While the "upper town" was never excavated, the soil of the site has been examined and tested positive for phosphates that confirm its existence. Some Carolingian artefacts have been found over the years in the trading centre; however, the majority of items discovered date back to the Roman fortress that was established prior to the 7th Century. This may be because the residents of Dorestad used the tufa blocks from the Roman fortress as building material. It is thought that the royal administrators were situated in the Upper Town.

The Christian church was granted a piece of land in both the Upper and Lower Town. Next to the agricultural sector remains of a building were found as well as many graves. It is assumed that this area comprised the Lower church.

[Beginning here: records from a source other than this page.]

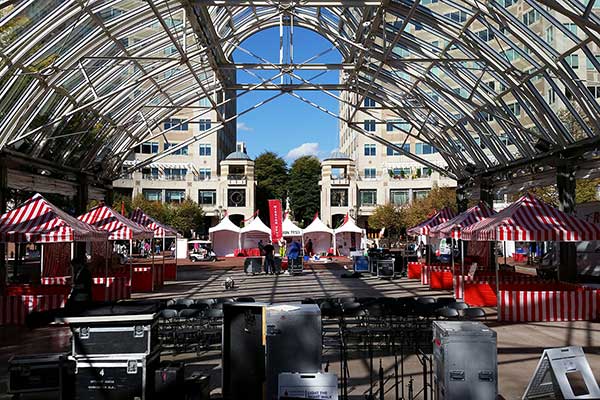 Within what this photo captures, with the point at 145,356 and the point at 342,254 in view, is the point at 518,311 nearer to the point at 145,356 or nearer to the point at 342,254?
the point at 145,356

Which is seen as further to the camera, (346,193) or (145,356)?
(346,193)

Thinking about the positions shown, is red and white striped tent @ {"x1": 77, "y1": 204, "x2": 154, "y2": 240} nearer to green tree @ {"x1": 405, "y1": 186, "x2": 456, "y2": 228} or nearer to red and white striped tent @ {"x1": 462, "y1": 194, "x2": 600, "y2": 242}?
red and white striped tent @ {"x1": 462, "y1": 194, "x2": 600, "y2": 242}

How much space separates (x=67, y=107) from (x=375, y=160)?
138ft

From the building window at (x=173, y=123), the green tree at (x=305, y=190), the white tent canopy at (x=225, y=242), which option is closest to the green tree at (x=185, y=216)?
the building window at (x=173, y=123)

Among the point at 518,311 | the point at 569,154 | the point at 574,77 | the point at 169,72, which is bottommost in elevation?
the point at 518,311

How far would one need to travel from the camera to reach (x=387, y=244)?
158 feet

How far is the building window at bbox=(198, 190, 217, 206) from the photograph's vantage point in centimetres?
5628

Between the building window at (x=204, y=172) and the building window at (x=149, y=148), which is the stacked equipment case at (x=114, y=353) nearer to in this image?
the building window at (x=204, y=172)

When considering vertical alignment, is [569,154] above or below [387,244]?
above

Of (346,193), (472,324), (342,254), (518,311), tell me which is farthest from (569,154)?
(346,193)

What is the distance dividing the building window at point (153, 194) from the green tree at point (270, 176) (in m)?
13.7

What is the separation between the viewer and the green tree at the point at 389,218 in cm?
4844

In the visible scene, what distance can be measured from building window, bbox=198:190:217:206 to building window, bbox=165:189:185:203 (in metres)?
1.60

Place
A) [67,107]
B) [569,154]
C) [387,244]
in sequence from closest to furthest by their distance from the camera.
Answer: [569,154] → [67,107] → [387,244] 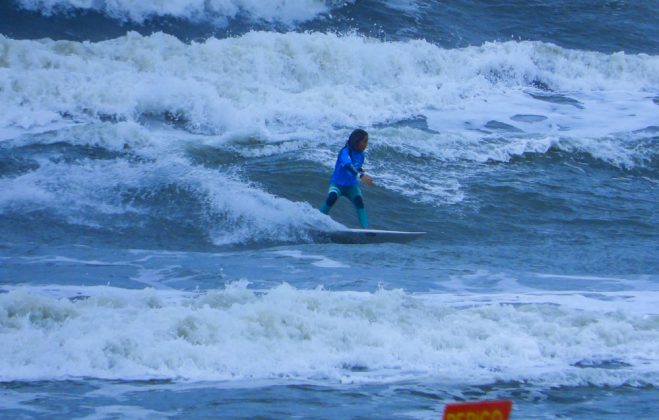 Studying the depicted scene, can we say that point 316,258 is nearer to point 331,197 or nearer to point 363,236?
point 363,236

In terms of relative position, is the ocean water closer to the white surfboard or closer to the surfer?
the white surfboard

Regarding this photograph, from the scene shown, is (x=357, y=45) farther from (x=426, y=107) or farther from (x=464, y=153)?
(x=464, y=153)

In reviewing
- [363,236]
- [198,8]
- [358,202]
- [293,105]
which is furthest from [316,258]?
[198,8]

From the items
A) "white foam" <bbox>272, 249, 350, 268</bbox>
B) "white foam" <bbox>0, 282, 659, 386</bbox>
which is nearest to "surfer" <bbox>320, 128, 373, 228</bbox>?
"white foam" <bbox>272, 249, 350, 268</bbox>

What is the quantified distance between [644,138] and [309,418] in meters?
11.9

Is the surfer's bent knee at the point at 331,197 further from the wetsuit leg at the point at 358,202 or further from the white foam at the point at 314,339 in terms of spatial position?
the white foam at the point at 314,339

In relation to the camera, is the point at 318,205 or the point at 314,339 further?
the point at 318,205

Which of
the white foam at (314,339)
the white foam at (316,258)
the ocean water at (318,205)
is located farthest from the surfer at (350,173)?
the white foam at (314,339)

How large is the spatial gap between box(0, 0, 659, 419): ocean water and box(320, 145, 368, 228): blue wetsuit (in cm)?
27

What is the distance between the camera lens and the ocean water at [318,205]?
5812mm

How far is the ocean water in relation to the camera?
19.1ft

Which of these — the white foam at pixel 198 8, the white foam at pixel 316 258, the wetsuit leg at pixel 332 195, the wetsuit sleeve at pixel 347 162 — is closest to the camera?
the white foam at pixel 316 258

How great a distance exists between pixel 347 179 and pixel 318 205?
48.5 inches

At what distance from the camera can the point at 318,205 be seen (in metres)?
11.6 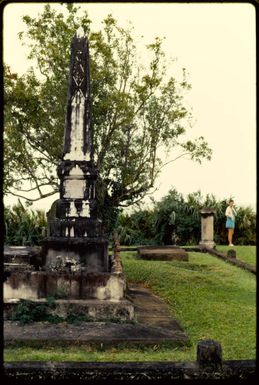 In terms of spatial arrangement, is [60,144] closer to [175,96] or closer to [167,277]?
[175,96]

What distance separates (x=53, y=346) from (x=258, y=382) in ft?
7.97

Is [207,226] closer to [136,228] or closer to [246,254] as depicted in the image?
[246,254]

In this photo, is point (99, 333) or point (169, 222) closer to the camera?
point (99, 333)

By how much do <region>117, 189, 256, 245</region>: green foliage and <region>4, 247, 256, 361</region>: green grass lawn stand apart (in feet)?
16.6

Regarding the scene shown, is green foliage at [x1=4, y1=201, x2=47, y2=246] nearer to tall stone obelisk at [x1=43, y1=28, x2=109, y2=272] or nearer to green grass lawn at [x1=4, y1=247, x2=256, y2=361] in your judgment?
green grass lawn at [x1=4, y1=247, x2=256, y2=361]

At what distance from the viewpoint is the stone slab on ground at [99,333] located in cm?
634

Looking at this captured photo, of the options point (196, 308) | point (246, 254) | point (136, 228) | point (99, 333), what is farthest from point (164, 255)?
point (99, 333)

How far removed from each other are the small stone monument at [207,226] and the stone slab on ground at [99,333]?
32.0ft

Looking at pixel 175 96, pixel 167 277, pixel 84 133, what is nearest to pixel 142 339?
pixel 84 133

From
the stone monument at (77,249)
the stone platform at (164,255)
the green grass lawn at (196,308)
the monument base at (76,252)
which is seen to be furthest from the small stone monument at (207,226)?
the monument base at (76,252)

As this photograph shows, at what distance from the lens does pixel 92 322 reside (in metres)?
7.24

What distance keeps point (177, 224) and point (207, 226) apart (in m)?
3.21

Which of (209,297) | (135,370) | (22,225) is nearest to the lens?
(135,370)

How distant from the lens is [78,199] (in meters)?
8.81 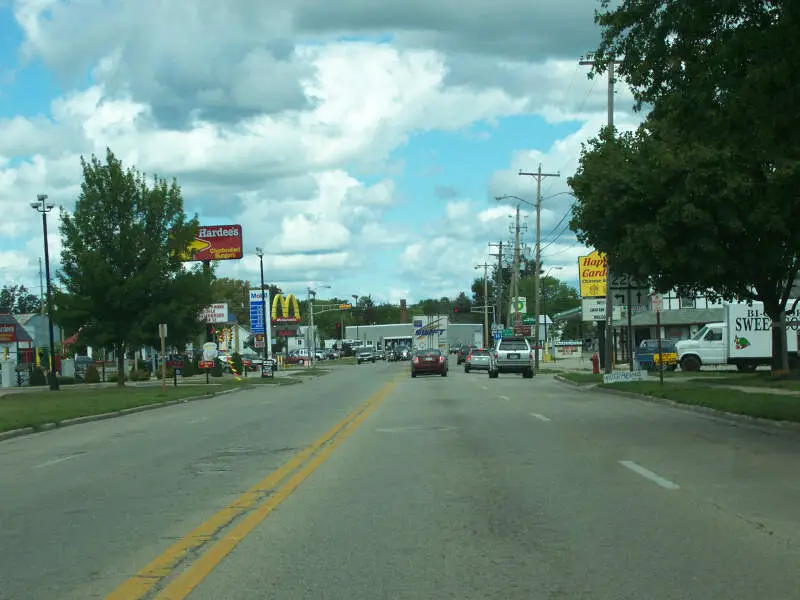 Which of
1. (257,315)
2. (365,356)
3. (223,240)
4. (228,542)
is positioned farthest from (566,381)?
(365,356)

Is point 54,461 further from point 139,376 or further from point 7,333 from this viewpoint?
point 139,376

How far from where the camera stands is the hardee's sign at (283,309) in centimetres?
9738

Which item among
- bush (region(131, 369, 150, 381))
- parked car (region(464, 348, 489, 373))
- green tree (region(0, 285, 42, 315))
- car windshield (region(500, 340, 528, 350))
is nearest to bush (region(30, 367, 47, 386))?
bush (region(131, 369, 150, 381))

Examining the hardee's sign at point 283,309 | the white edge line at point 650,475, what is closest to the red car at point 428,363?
the white edge line at point 650,475

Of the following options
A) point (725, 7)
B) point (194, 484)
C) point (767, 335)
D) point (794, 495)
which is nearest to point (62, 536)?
point (194, 484)

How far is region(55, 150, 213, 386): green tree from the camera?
4191cm

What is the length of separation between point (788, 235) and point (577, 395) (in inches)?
330

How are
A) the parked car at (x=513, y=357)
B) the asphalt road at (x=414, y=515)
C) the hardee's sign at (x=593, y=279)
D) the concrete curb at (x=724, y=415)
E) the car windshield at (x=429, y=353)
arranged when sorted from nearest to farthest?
the asphalt road at (x=414, y=515), the concrete curb at (x=724, y=415), the hardee's sign at (x=593, y=279), the parked car at (x=513, y=357), the car windshield at (x=429, y=353)

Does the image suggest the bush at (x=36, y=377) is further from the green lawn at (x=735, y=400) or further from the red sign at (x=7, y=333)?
the green lawn at (x=735, y=400)

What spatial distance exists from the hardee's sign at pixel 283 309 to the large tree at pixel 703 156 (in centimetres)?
6617

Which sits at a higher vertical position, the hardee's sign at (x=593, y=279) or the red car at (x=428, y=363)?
the hardee's sign at (x=593, y=279)

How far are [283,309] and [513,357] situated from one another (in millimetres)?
53932

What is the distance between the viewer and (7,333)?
50125mm

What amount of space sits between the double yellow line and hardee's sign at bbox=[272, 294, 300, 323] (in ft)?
272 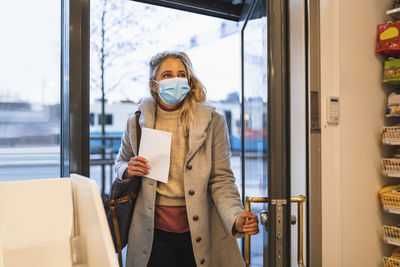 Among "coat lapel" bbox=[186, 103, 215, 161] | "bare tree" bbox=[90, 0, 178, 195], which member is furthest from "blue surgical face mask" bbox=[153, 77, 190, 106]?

The conception of the Upper and Lower township is supported not only by archaeological evidence, but a poem was discovered by the English clergyman Alcuin, written at the end of the 8th century, referring to the town as Dorstada which is a pluralization of the name.

Hinc tua vela leva, fugiens Dorstada relinque:
Non tibi forte niger Hrotberct parat hospita tecta,
Nec amat ecce tuum carmen mercator avarus.

Hoist your sails, flee and leave behind the (towns of) Dorestad:
You do not have the fortune of a hospitable roof offered by Black Hrotberct,
Nor does the greedy merchant love your poem.